> [TRY IT] Drop every picture and copy exactly the lines from the one with "Sisalpaal 40cm x 15 cmØ - M8 (Blackline)" through the last line of the listing below.

> [RECORDS SHOWN]
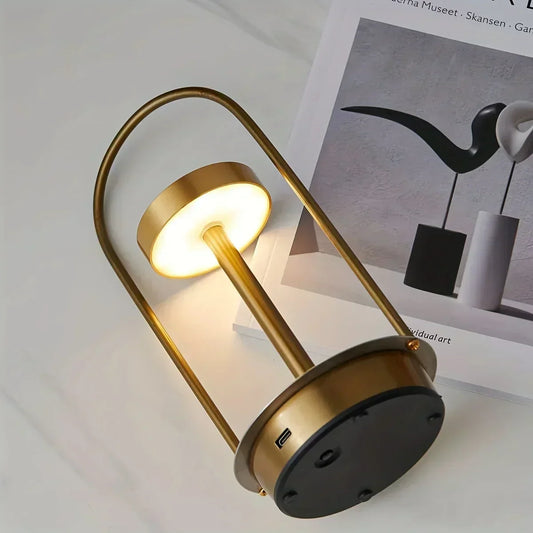 Modern Table Lamp – Elegant Desk and Living Room Lighting for Home Decor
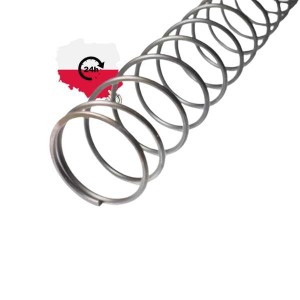 Sprężyna dociskowa na pręt sześciokątny 36mm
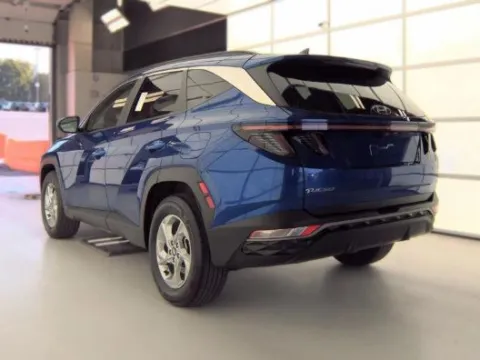Another view of 2023 Hyundai Tucson SEL for sale in Holland, MI at Zeigler Hyundai of Holland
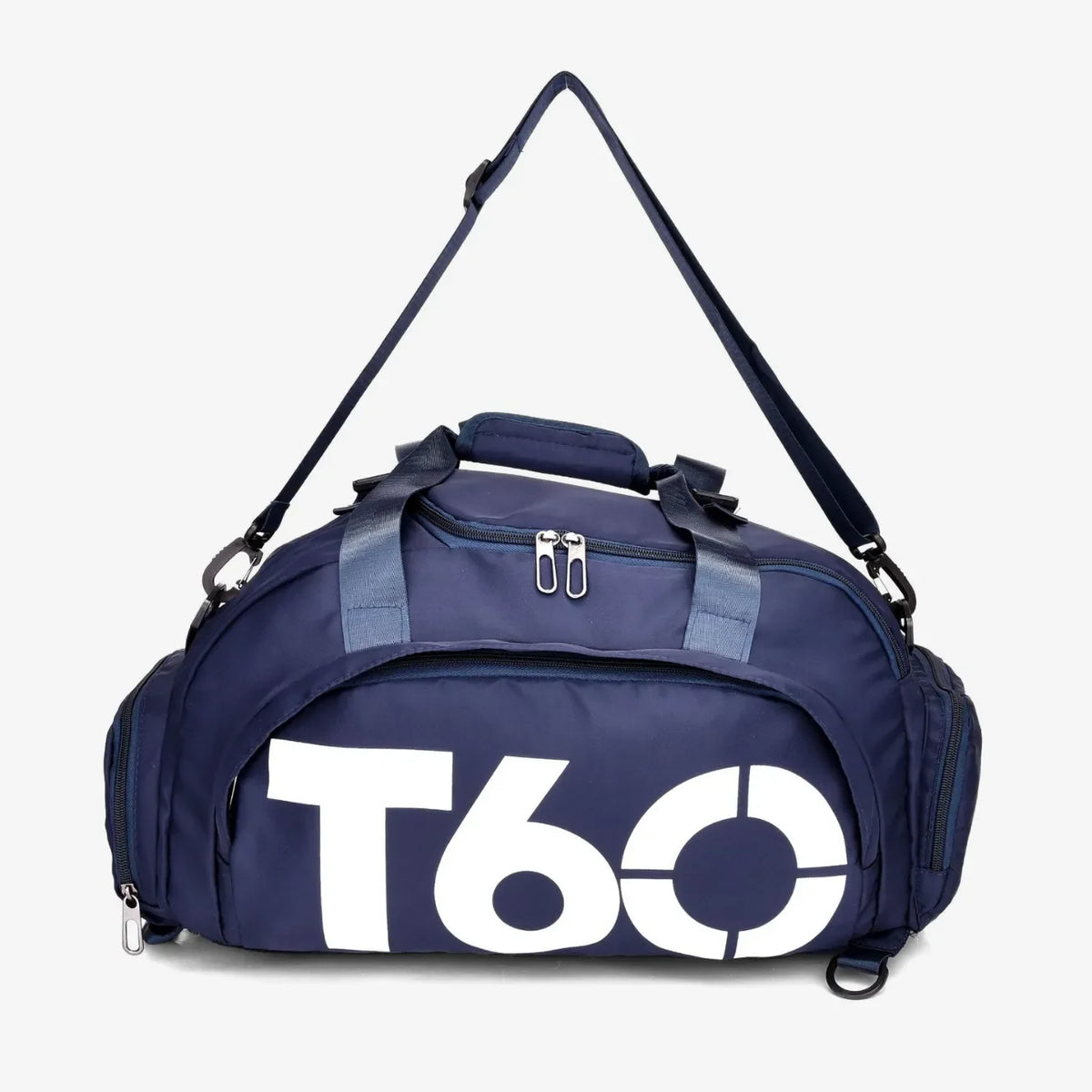 Bolsa Esportiva Transversal 4 em 1 Impermeável 60L - T60 Bag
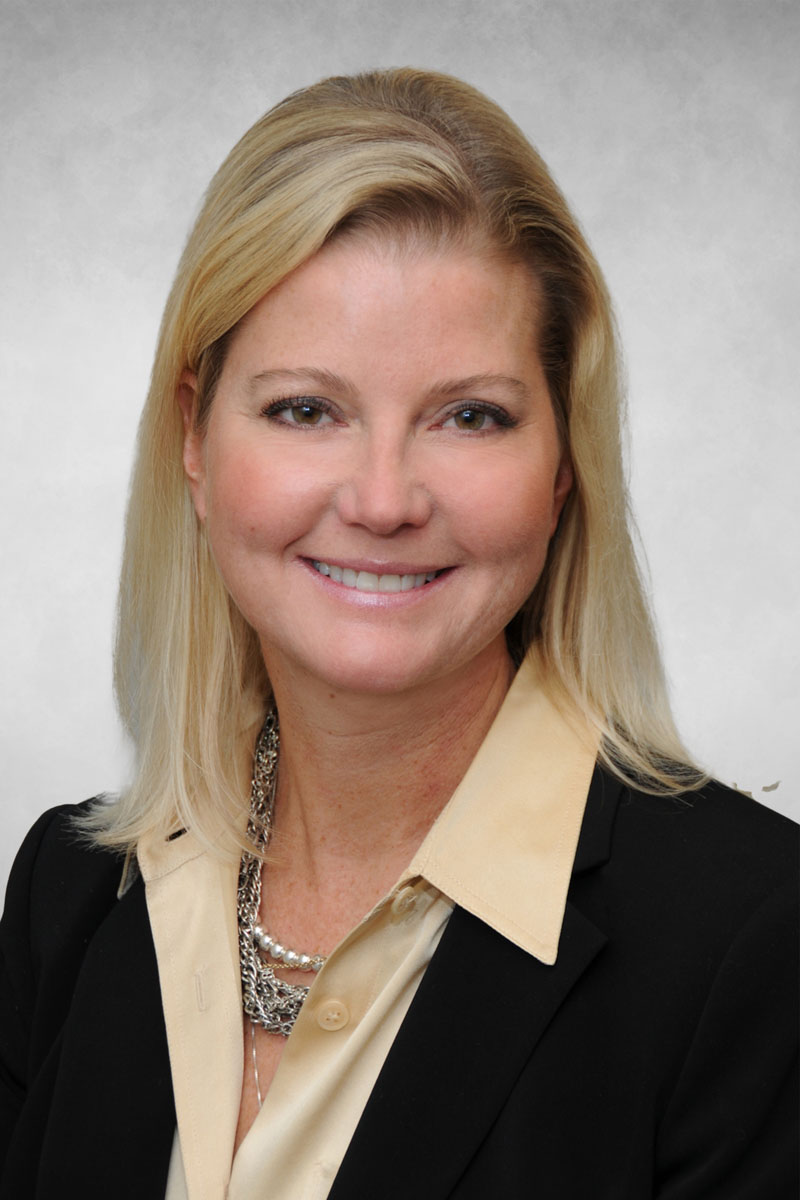 Karen K. Gaunt headshot.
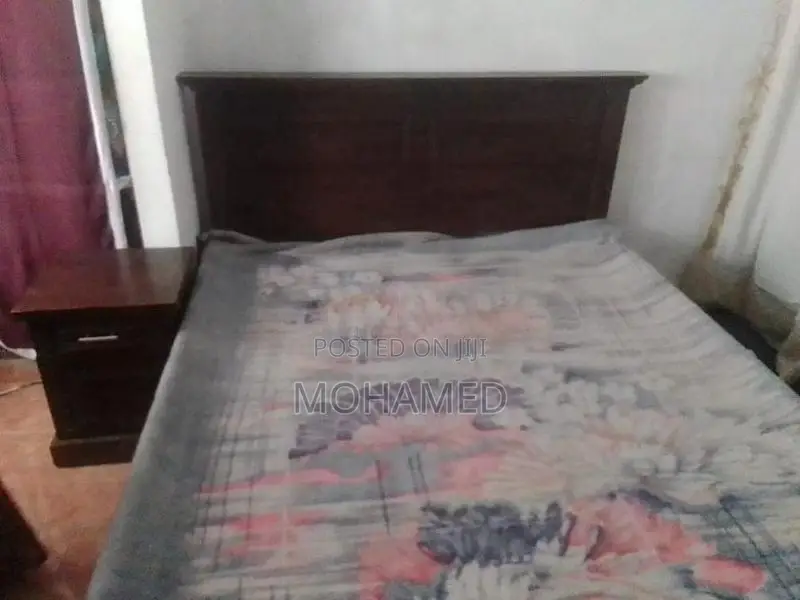 Teak Bedroom set
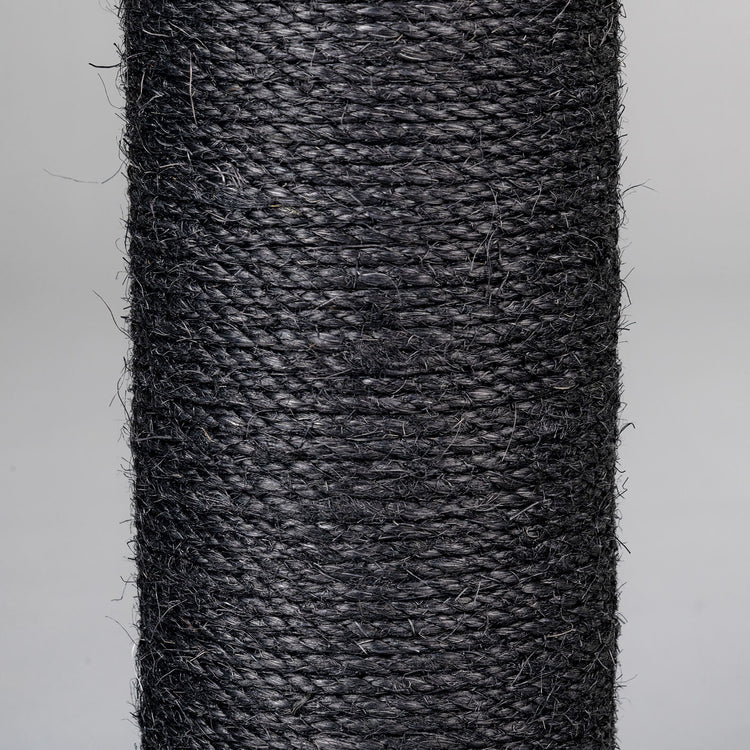 Sisalpaal 40cm x 15 cmØ - M8 (Blackline)
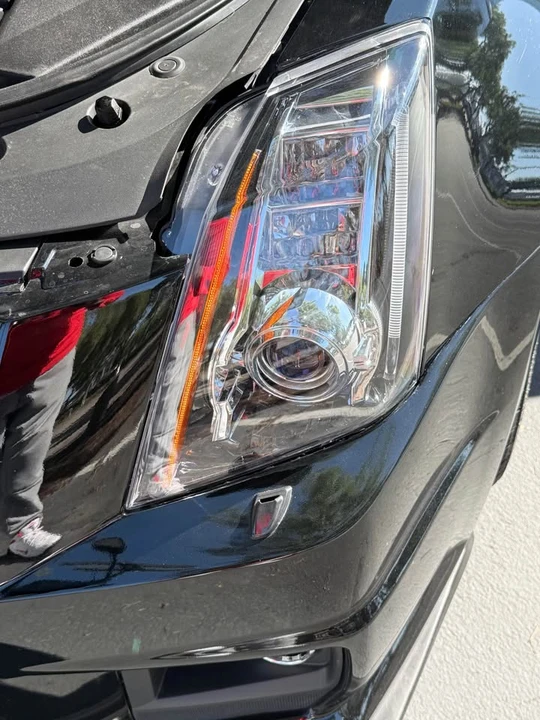 2011 Cadillac CTS 2nd Gen - Image 14 of 19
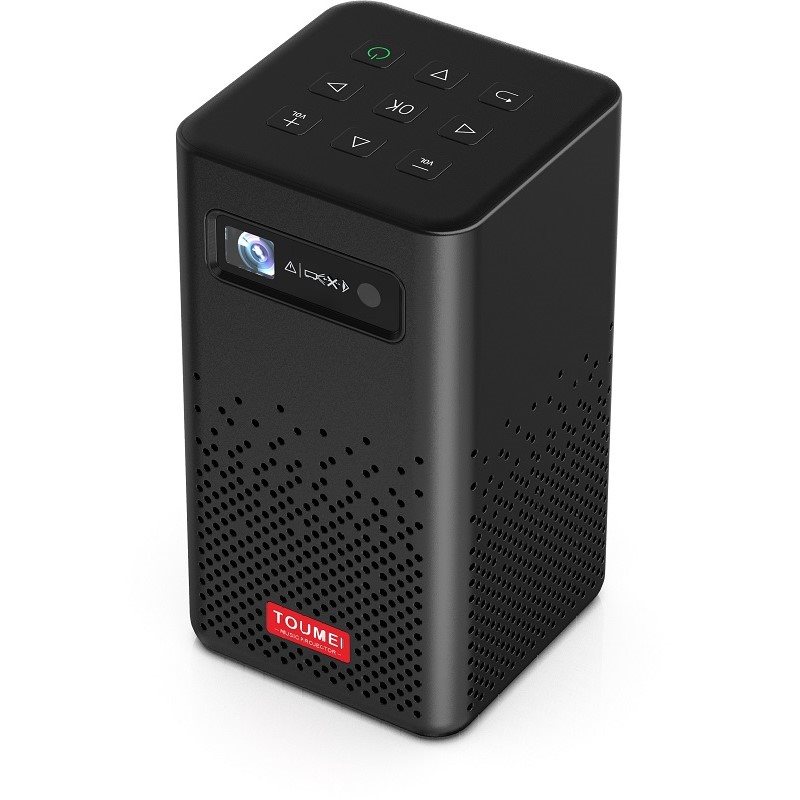 Toumei C900 hordozható projektor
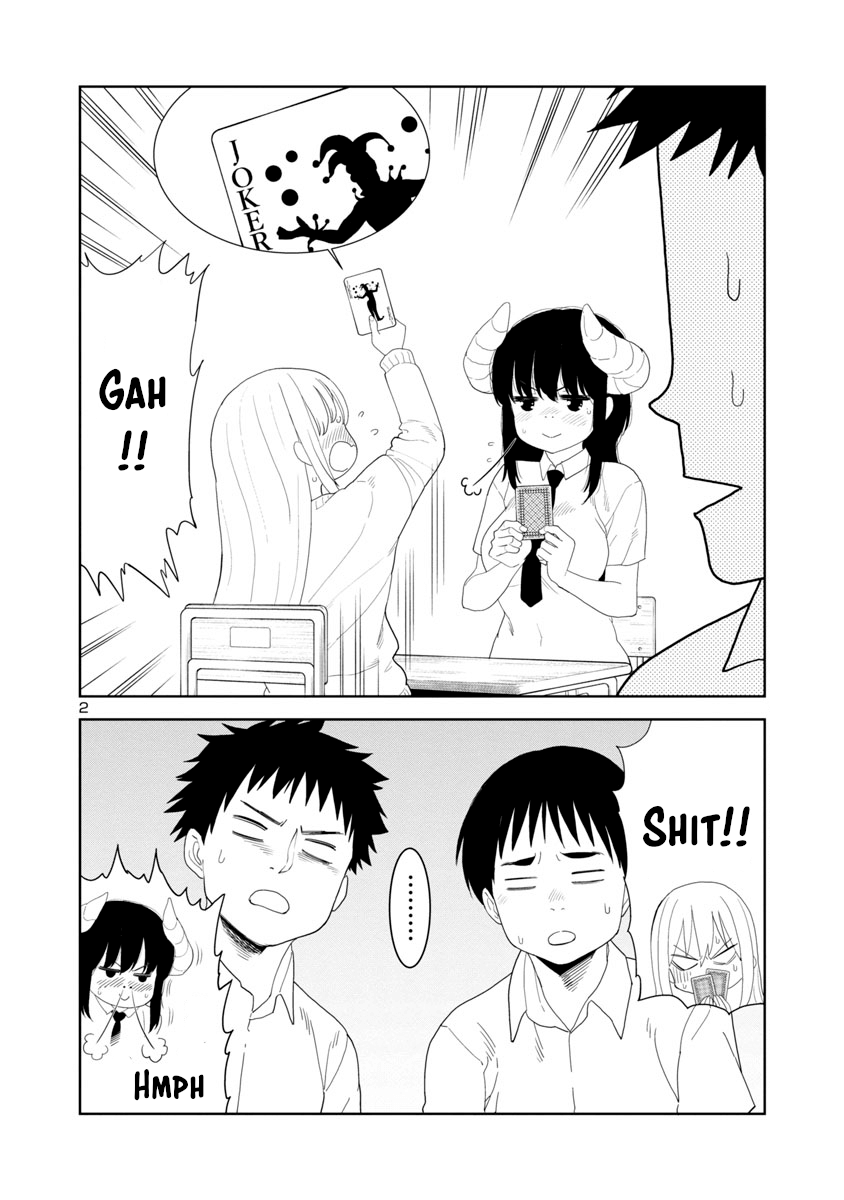 Is It Okay To Touch Mino-San There? Chapter 27 #2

> [ANSWER SECTION]
 Sisalpaal 40cm x 15 cmØ - M8 (Blackline)
 2011 Cadillac CTS 2nd Gen - Image 14 of 19
 Toumei C900 hordozható projektor
 Is It Okay To Touch Mino-San There? Chapter 27 #2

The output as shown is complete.